HANNAH AND JOE.

IN THE YEAR 1851 Captain Budington, of Groton, Conn., passed the winter in Cumberland inlet, west of Greenland. Here he met Joe and Hannah on the island of Kim-ick-su-ic, so called because its flat centre, covered with grass, resembles a dogskin. Hannah was twelve years old, dressed in fur pantaloons and short fur overdress, and bore the name of Too-koo-li-too in her own language. Joe was a good deal older, and his real name was Ebierbing.

A few years afterward a merchant from Hull, England, Mr. Bolby, met them at Cumberland gulf, where they had come off the island to trade, and prevailed upon them to take the long journey to England. When he reached home he made a large company, and in the presence of these guests the young woman Hannah was married to Joe. Mr. Bolby took them to several places in England and Scotland, and they were finally presented to Queen Victoria and Prince Albert. The Queen was deeply interested in these people from the far North in British America, and asked them to dine with her. If the Queen was pleased with the sincere, uneducated, fur-dressed pair, Hannah was no less pleased with the gracious Queen in her elegant home, so entirely different from a snow hut. She always said Victoria was “very kind, very much lady.” After two years they returned to Cumberland inlet, and in 1860 Charles F. Hall, the explorer, met them.

Everybody in both England and America had become deeply interested in the fate of Sir John Franklin. He had left England in 1845 with two ships, the “Erebus” and “Terror,” with one hundred and thirty-four persons, in search of the North Pole. After two years relief parties were sent out to find them. Lady Franklin spent all her large fortune in sending out ships to search for her missing husband.

Finally, in 1850, the graves of three of the men were found at the far North, on Beechy island, west of Hannah’s home, so that the course which Franklin took was known. Four years later Dr. Rae, of England, heard from the Eskimos that a large company of white men had starved on King William Land, far to the northwest of Baffin’s bay, and he obtained from the Eskimos many articles which belonged to Franklin and his men.

After England had spent over five million dollars in searching for Franklin it was ascertained that both his ships had gone to pieces in the ice off the west coast of King William Land, and that his poor men had starved and frozen, as they wandered over the ice in a vain search for food or friends. Then skeletons were found in boats or in snowbanks, and their boots, watches, and silver had become the property of the Eskimos. Sir John died two years after the ships left England, and must have been buried in the ocean.

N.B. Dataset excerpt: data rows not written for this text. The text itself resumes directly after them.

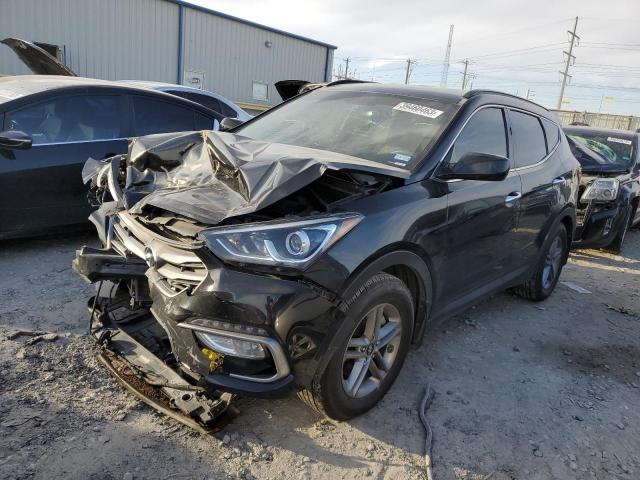 HYUNDAI SANTA FE S 2017 5xyzu3lb7hg421603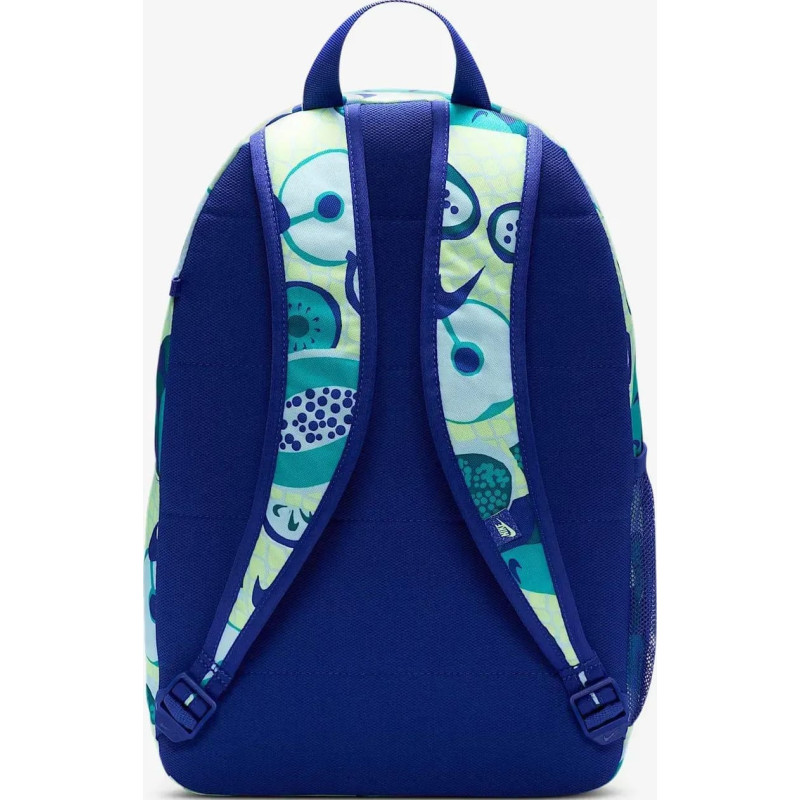 Рюкзак Nike Y NK ELMNTL BKPK SHOEBOX - FP 20L синій, зелений Діт 30 x 46 x 13 см
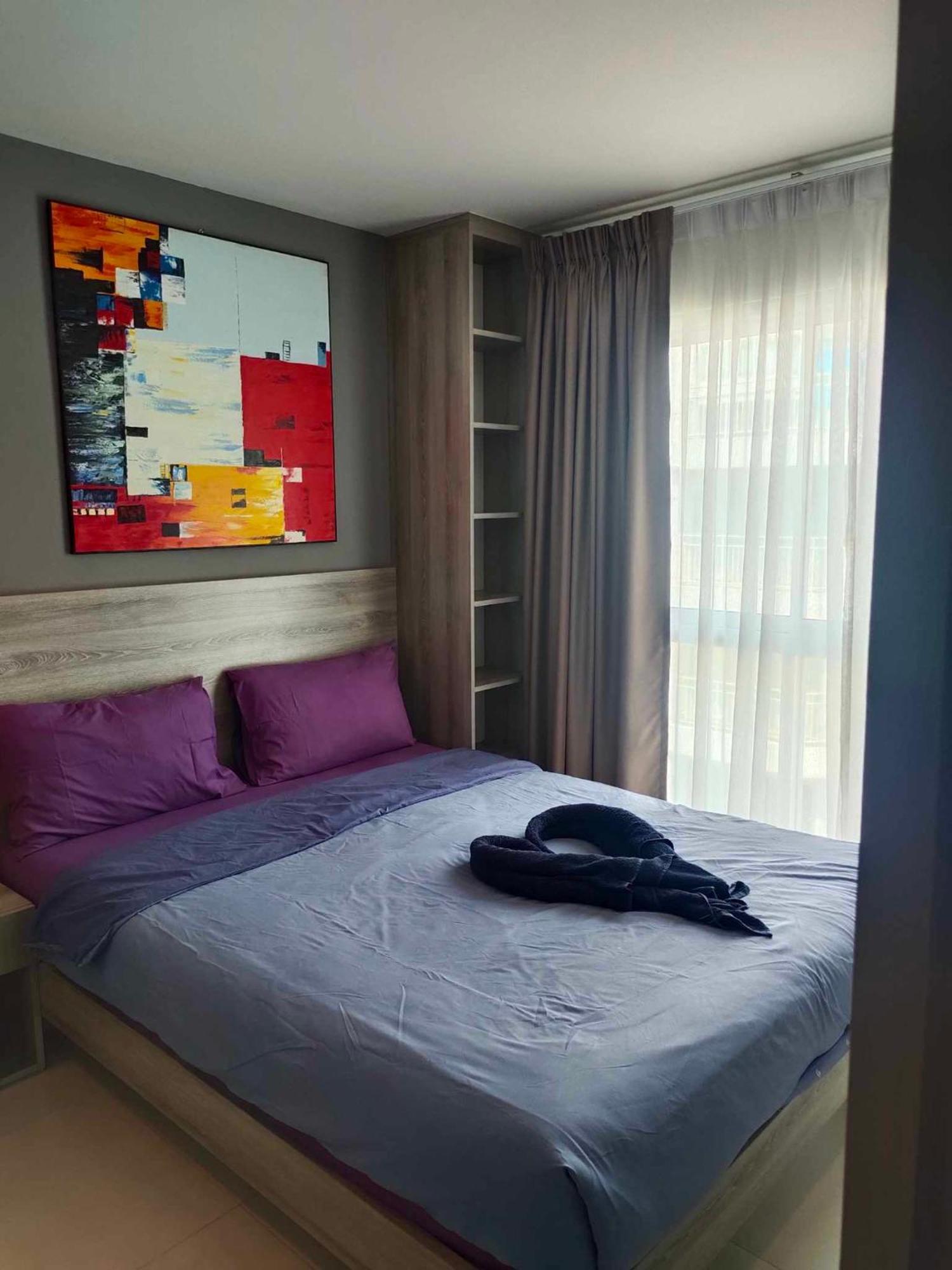 Ban Phlong Takhe Grandblue Condominium 504 מראה חיצוני תמונה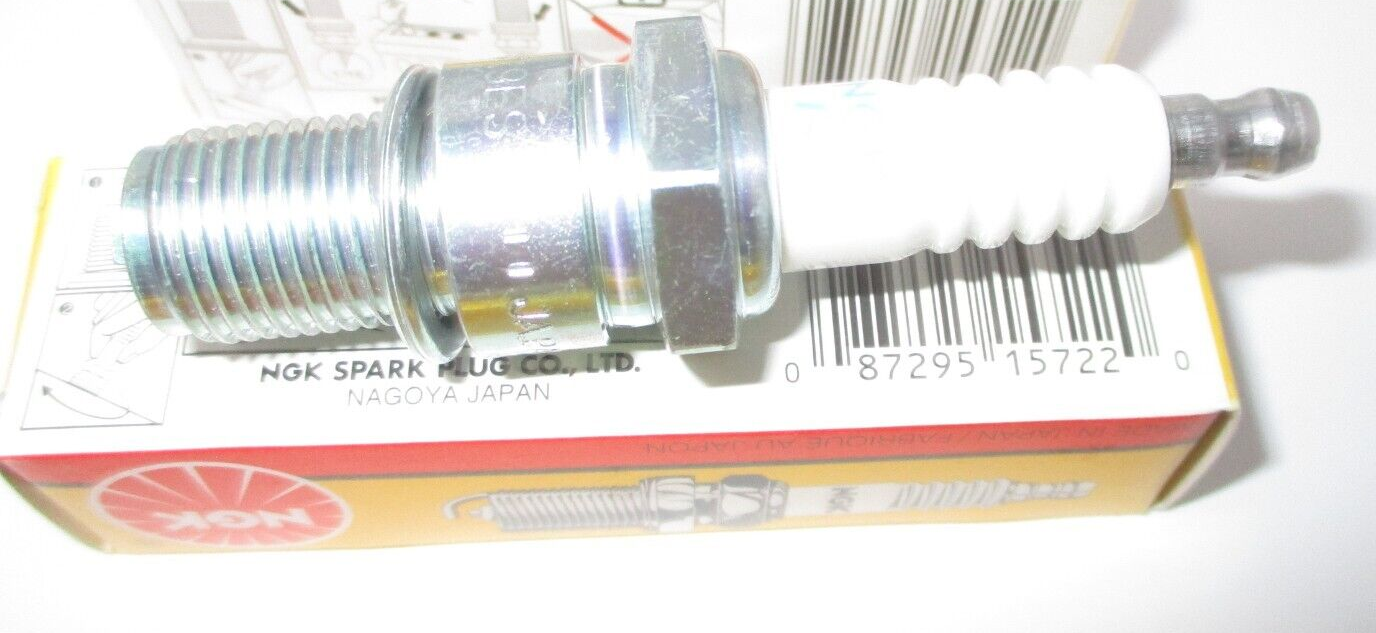 NGK SPARK PLUGS  (3 PCS IN A PACK)  OEM  BR9ES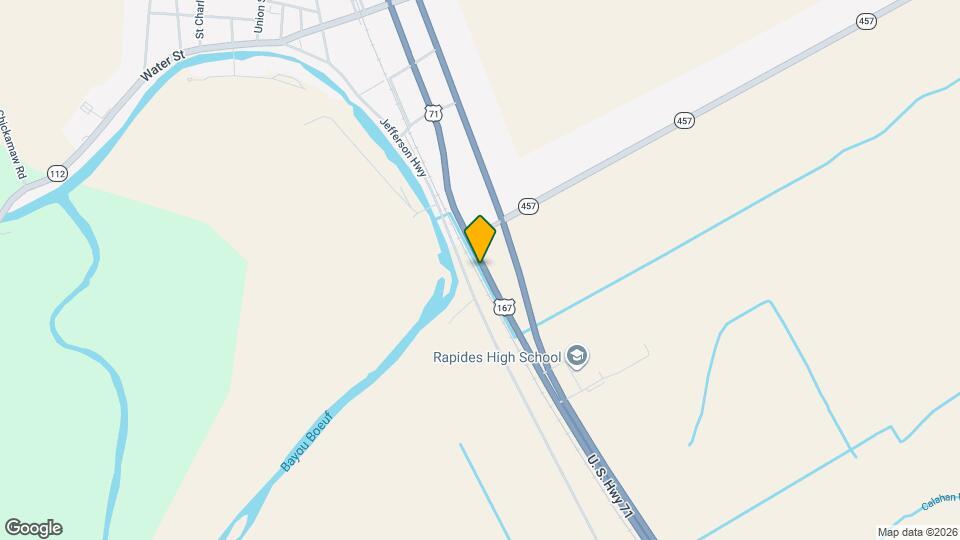 Turnrow Apartments Map and Location Details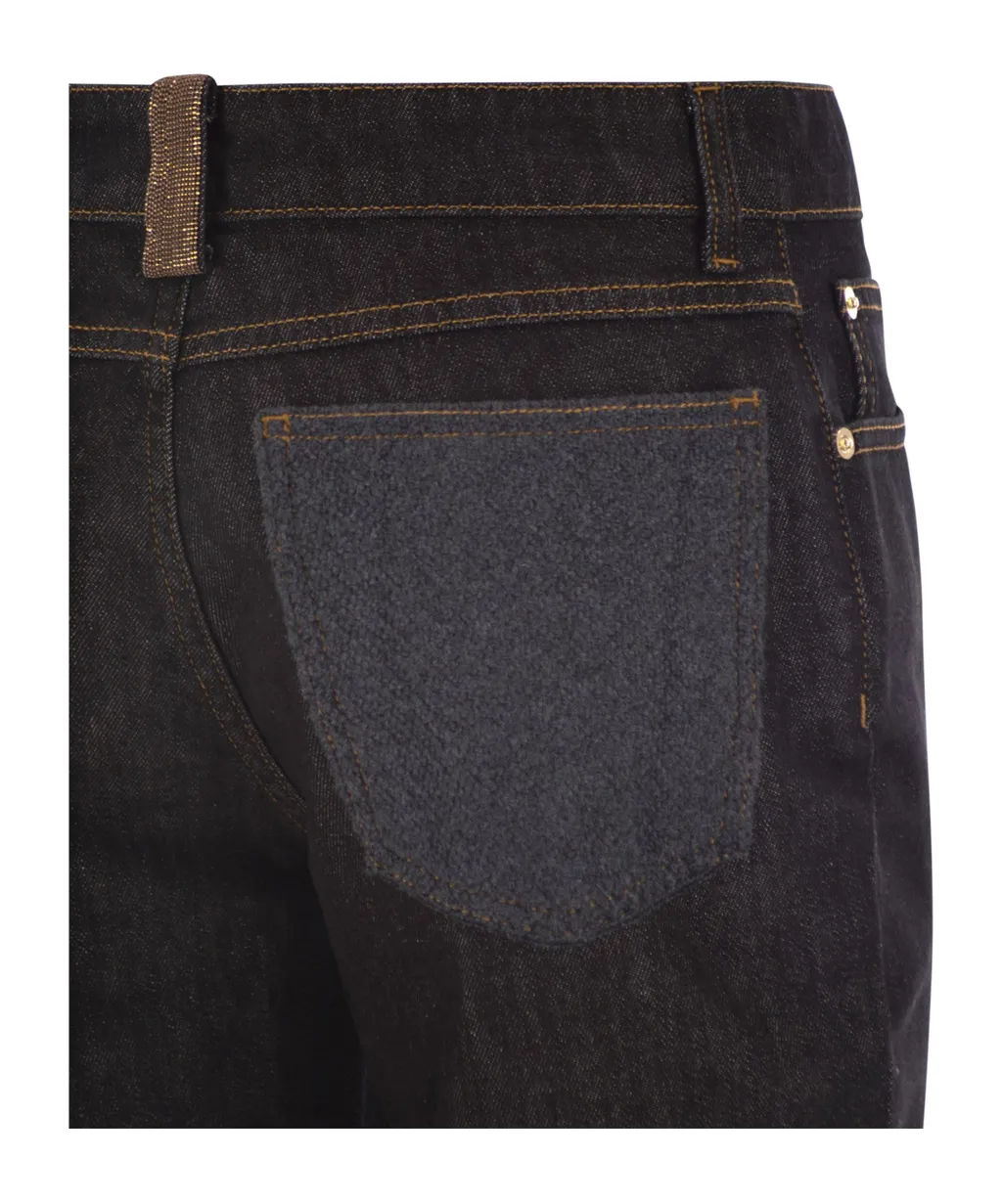 Flared Jeans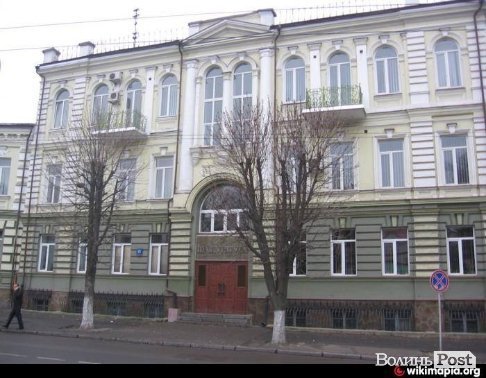 Луцьк тепер і 100 років тому.ФОТО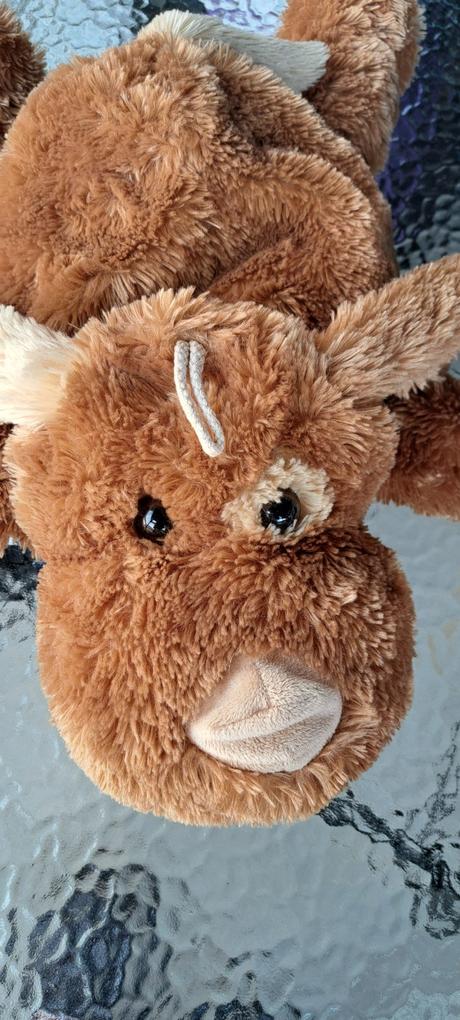 Plyšak na termo fľašu,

Some persons believed that the Franklin party were not all dead. Charles Francis Hall was an engraver at Cincinnati, O. He was poor, and with no influential friends, but he felt that the Lord had called him to the work of finding some of the Franklin men. He read all he could find about Arctic life. He asked money of prominent men and learned societies, and finally, after enough obstacles to discourage any other man, obtained funds to build a boat and put up twelve hundred pounds of food for the journey. A New London firm gave him a free passage on one of their ships, and he went, in 1860, to the far North, discovering relics of Sir Martin Frobisher’s expedition, made three hundred years before. His boat was lost, so he had to return to America, and brought with him Joe and Hannah, who had been with him two years, and who were devotedly attached to him.

In 1864 Hall started again with Joe and Hannah, and north of Hudson bay lived five years among the Eskimos, eating their raw food and living in their igloos or snow huts. Joe, with great skill, would kill a walrus, which sometimes weighs two thousand pounds, or would watch two whole nights near a hole in the ice where the seal comes up to breathe, that he might spear it for his master.